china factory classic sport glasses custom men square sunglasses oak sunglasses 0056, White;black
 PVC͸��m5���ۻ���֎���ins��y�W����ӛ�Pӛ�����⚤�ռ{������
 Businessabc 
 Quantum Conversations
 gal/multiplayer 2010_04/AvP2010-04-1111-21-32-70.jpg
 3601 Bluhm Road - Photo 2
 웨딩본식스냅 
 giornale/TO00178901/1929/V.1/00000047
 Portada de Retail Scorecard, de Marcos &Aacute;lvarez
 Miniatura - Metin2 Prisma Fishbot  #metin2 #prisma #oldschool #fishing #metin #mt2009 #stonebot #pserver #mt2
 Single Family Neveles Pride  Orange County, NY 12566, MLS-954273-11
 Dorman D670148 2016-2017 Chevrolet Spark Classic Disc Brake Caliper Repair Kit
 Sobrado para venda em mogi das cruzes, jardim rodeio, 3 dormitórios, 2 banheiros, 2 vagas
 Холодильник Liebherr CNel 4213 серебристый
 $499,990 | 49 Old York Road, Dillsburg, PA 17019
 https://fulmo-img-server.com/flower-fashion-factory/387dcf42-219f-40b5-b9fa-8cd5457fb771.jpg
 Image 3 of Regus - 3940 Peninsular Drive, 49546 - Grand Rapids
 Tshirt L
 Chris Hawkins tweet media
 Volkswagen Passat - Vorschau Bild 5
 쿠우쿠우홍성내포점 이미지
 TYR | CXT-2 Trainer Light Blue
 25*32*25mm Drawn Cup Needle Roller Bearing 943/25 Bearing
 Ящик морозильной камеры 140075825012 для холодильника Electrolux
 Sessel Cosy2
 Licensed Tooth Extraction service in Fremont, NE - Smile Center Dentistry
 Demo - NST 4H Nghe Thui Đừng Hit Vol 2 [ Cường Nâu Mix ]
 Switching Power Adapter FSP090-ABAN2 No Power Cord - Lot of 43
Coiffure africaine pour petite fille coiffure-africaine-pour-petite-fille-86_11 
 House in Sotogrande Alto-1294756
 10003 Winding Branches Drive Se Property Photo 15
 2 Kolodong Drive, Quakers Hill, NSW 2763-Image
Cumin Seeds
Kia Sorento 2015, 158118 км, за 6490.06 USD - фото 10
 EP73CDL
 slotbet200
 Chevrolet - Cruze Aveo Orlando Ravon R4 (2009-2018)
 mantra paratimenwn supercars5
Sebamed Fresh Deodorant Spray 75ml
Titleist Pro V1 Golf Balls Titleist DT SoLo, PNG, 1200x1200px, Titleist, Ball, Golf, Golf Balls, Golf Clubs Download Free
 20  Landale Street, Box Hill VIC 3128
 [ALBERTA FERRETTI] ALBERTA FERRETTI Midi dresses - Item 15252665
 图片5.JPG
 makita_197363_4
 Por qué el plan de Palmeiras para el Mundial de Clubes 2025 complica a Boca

=-=-=

Task statement:
Gather and copy every line of the data in which the string "Photo" is found.

Response to this exercise:
 3601 Bluhm Road - Photo 2
 10003 Winding Branches Drive Se Property Photo 15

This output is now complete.